"Wir wollen die Fusion mit der GAD"

22.01.2008
Michael Krings, Vorstandsvorsitzender der Fiducia IT AG in Karlsruhe, setzt das Thema Zusammenschluss im Gespräch mit CW-Redakteur Joachim Hackmann wieder auf die Tagesordnung.

CW: Wie ist das Geschäft der Fiducia IT AG 2007 verlaufen?

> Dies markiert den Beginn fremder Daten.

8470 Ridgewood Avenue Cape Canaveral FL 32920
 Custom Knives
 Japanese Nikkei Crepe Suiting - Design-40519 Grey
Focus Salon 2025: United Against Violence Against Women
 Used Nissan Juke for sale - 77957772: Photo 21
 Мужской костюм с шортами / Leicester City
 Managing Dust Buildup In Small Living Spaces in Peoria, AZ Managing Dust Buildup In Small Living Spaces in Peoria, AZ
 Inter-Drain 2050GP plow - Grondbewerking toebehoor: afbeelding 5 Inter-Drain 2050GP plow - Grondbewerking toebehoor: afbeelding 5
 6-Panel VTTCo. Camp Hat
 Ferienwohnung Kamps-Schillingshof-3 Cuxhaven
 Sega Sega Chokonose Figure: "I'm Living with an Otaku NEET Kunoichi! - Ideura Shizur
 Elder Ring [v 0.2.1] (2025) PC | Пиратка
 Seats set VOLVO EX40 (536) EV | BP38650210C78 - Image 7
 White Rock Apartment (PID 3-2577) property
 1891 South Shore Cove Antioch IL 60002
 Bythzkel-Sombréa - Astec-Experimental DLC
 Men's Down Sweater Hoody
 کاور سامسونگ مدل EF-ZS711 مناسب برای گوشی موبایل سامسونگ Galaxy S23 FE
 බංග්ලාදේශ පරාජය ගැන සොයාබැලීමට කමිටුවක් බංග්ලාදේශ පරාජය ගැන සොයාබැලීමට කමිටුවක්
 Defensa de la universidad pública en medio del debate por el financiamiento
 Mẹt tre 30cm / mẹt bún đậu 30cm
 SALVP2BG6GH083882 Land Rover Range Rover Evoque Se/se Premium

KRINGS: Wir haben etwas weniger als im Vorjahr verdient. Das war so geplant. Wir haben unseren Banken versprochen, die Einsparungen durch die Fusionen der vergangenen Jahre an sie weiterzugeben. Das schlägt sich unmittelbar auf der Einnahmenseite nieder. Wegen der Zusammenschlüsse mit anderen IT-Dienstleistern aus dem genossenschaftlichen Finanzverbund haben wir seit 1999 mehrere Rechenzentren konsolidiert und Systeme zusammengeführt, aber auch Standorte schließen müssen. 2003 haben wir unseren Kunden jährliche Einsparungen in Höhe von 80 Millionen Euro in Aussicht gestellt. Tatsächlich haben wir 2007 sogar Einsparungen in Höhe von 95 Millionen Euro an unsere Kunden weitergegeben.

CW: Die Einsparungen erzielen Sie in der Fiducia IT AG. Das ist der IT-Dienstleister für Genossenschaftsbanken. Gleichzeitig gibt es unter dem Fiducia-Dach Tochtergesellschaften, die außerhalb des angestammten Marktsegments IT-Services für Kunden betreiben. Konnten diese die Einnahmeminderungen kompensieren?

KRINGS: Ursprünglich war das ein Ziel, das wir mit den Tochtergesellschaften verfolgt haben. Dafür hätten wir weiter investieren müssen. Das wollen wir derzeit nicht. Für die Zukunft streben wir stärkere Synergien mit unseren Töchtern an.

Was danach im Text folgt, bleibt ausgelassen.